É difícil encontrar um brasileiro que não tenha ouvido a seguinte história: a expressão “nas coxas” – locução adverbial informal e um tanto grosseira, normalmente empregada com o verbo fazer e que significa “mal, de modo precário ou descuidado, sem capricho” – nasceu com a velha prática colonial de fabricar telhas moldando-as nas coxas dos escravos. As telhas ficavam horríveis, claro, cada uma de um tamanho. Daí o sentido negativo adquirido por “nas coxas”.
A tese é tão difundida quanto furada. Para começar, nunca se encontrou, na arquitetura colonial brasileira, essa construção absurda em que cada telha tivesse um tamanho, algo que seria de uma estupidez notável. Se o formato de nossa telha colonial – abaulado, mais largo numa das extremidades – sugere mesmo uma coxa como molde, algo que está provavelmente na origem da lenda, suas medidas são ridiculamente incompatíveis com tal ideia. O cálculo é do arquiteto José La Pastina Filho, superintendente do Instituto do Patrimônio Histórico Nacional, em seu ensaio “Eram as telhas feitas nas coxas das escravas?”:
Para confirmar nossa convicção das inconsistências da assertiva popular – telhas feitas nas coxas dos(as) escravos(as) – tomamos as medidas das coxas de um homem de 1,80m de altura e verificamos que, usando-a como molde, só seria possível a fabricação de uma minúscula telha de 36cm de comprimento. Sem maiores preocupações com aspectos de anatomia humana, se estabelecermos uma simples regra de três, poderemos verificar que, para fabricar uma telha de 77cm, precisaríamos contar com um escravo de 3,95m de altura.

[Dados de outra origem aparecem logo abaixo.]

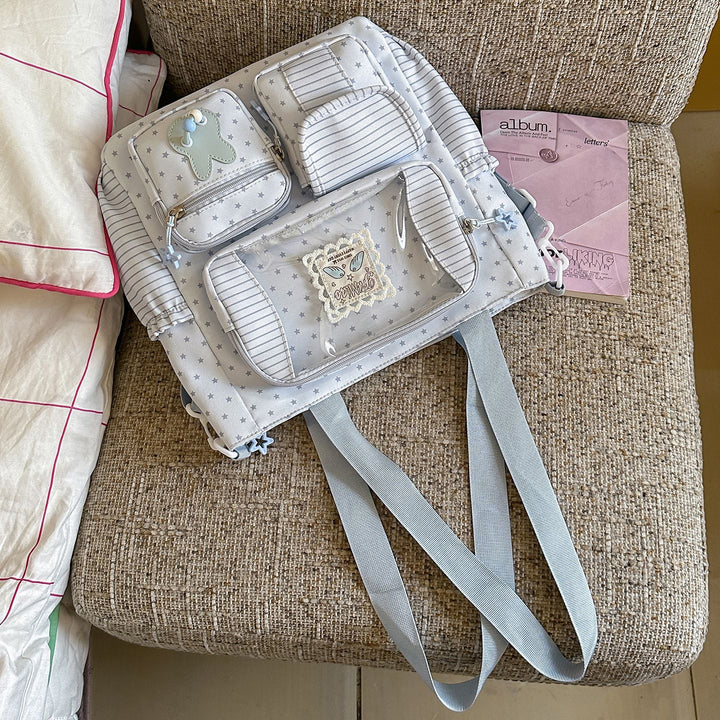 Playful Bunny Ear School Backpack Kalsten
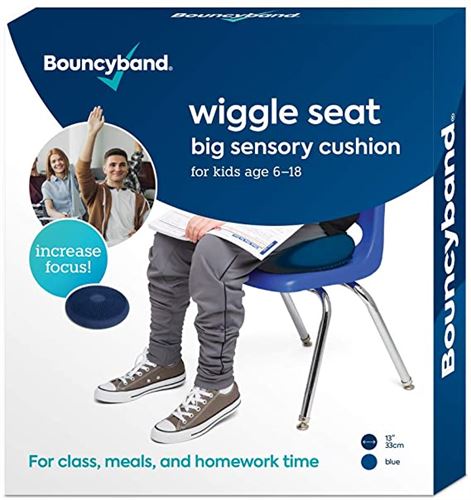 Bouncyband Classroom Pack — Wiggle Seat – Blue, 33cm Dia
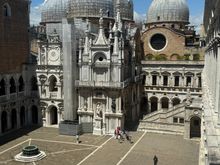 Doge Palace courtyard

Ou, claro, com um óbvio molde de madeira. É interessante comparar o racismo embutido nessa lenda (“ah, aqueles escravos não faziam nada direito!”) com aquele da “descoberta acidental” da aguardente, comentada recentemente aqui.
A verdadeira origem de “nas coxas” é imprecisa. O professor de português gaúcho Cláudio Moreno, colunista do jornal “Zero Hora” e um dos bons comentaristas brasileiros de questões de língua, aposta numa motivação sexual, ligando a expressão ao “velho sexo intercrural (ou interfemoral), já tão praticado na Grécia, conceito muito conhecido pela minha geração mas que os jovens atuais simplesmente não entendem (‘Se chegavam na portinha, por que não iam adiante?’)”.
Não duvido que tais conotações libidinosas tenham contribuído para o sucesso da locução, revestindo-a de um charme proibido, mas observo que talvez não seja preciso ir tão longe. Uma expressão sinônima como “em cima da perna” sugere que “nas coxas” pode ter surgido para qualificar de modo prosaico aquilo que uma pessoa faz afobadamente, usando as próprias pernas como apoio improvisado, em vez da mesa que lhe permitiria realizar trabalho mais decente.